None of this is to say that Brexit will be easy. The negotiations will be infuriatingly complex and it is hard to imagine the May government achieving much else until the exit talks are complete. There are also concerns in Whitehall that the government lacks the experts required for the task, given how legal and technically fraught even the preparatory work is. It is also imperative for May to persuade business that she will take radical steps to make the UK more globally competitive if no EU deal can be negotiated.
Also, the other European leaders are fairly united in their negotiating position. They are determined to show that you can’t have all the benefits of union with none of the costs. Britain’s traditional EU allies are most likely to stress this in order to damp down their own domestic Eurosceptic movements. This is where Trump has not helped the UK’s cause. His election has made EU governments more fearful of a populist revolt. Indeed, if Marine Le Pen is thrashed in the second round of the French presidential elections it will, one suspects, make it easier for Theresa May to negotiate a good deal.
Several European leaders are still feeling a bit raw about Brexit. Wolfgang Schäuble, the German finance minister, has told colleagues that he cried when he heard that Britain had voted to leave. If emotion were to triumph over cool economic logic — and no agreement is reached — it would hurt both sides. The intensity of feeling shows why British ministers must be extremely careful not to sound as if they are running down the whole EU project. Diplomacy and the national interest require that Britain conveys the message that it wishes the EU every success in future, regardless of how much ministers might privately think that the break-up of the euro would be a good thing.
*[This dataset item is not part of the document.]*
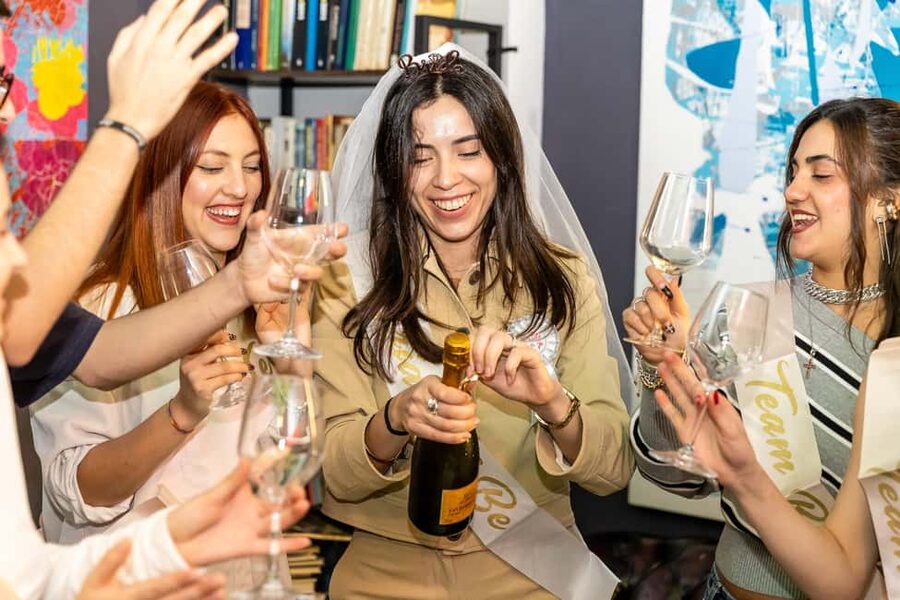 Rome: Guided Bar Crawl with Drinks & Dark History - What you drink along the way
Senior British government figures expect two trade agreements between the UK and the EU. This marks an attempt to avoid a Wallonia-style problem where the whole agreement is held up by the objections of one parliament in Europe.
The first deal would cover trade in goods — and because this is an EU competence it could be done at EU level. The second would cover services, and as that would be a ‘mixed agreement’, covering both EU and national competences, it would go out for approval by national and regional parliaments. Obviously, this deal would be particularly vulnerable to political grandstanding. But given that services tend not to arouse the same level of protectionist anxiety as agriculture or manufacturing, the approach could work. After all, Wallonia doesn’t have a banking sector to protect.
Britain has not yet served formal notice that it intends to quit the EU — so no one can say with any certainty how Brexit will go. Thanks largely to sheer luck, however, Theresa May has a better hand than she could have dared hope for when she took office. Now she must play her cards right to make Brexit a success.